I don't understand why this is throwing '400 Bad Request' instead of 'Could not retreive artist joined date.', however. Either more than one thing is wrong, or it's just not tripping if not joined_items for some reason.

fake-name commented 4 years ago

Dammit, I hate minified/obsfucated CSS.

fake-name commented 4 years ago

The reason you're seeing the 400 error is probably because they added more UA/header sniffing, which is catching that WebRequest isn't acting exactly like a browser.

More and more I'm considering trying to create a library around either the firefox or chromium HTTP(s) client code.

God-damnit-all commented 4 years ago

Not sniffing as it turns out, but now it's actually directly checking to see if JavaScript was loaded and blocking you if not.
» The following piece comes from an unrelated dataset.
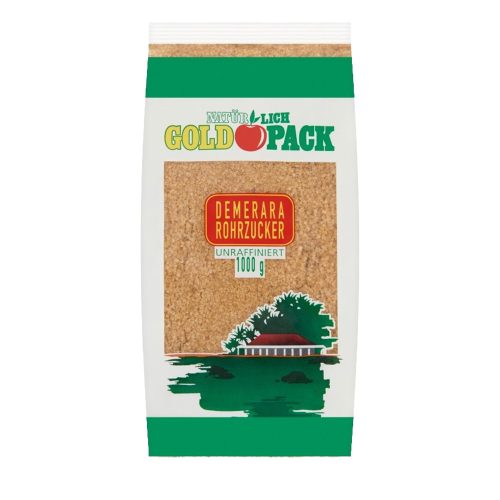 Goldpack 1000g demerara nádcukor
<script nonce="ZmY4Y2NjZGUtNjZkMi00ZTY4LWIyZWEtMWE0ZDM1YmE2MDg4">
  if (!window.__SCRIPTS_LOADED__['main']) {
    document.getElementById('ScriptLoadFailure').style.display = 'block';
  }
</script>
God-damnit-all commented 4 years ago

This does look like something I'd have to jump to your headless browser method to, though I have a feeling even if I did, updates would be necessary since the way to obtain the join date changed so drastically.

God-damnit-all commented 4 years ago

Temporary workaround.

    def get_joined_date(self, user, twit_headers):

        ctnt = self.stateful_get("https://nitter.net/{user}".format(user=user), headers=twit_headers)
        html = HTML(html=ctnt)
        joined_items = html.find(".profile-joindate > span > div")
        if not joined_items:
            raise exceptions.AccountDisabledException("Could not retreive artist joined date. "
                "This usually means the account has been disabled!")

        assert len(joined_items) == 1, "Too many joined items?"
        joined = joined_items[0]

        posttime = dateparser.parse(joined.text.replace("Joined ",""))

        self.log.info("User %s joined twitter at %s", user, posttime)

        return posttime

God bless nitter.net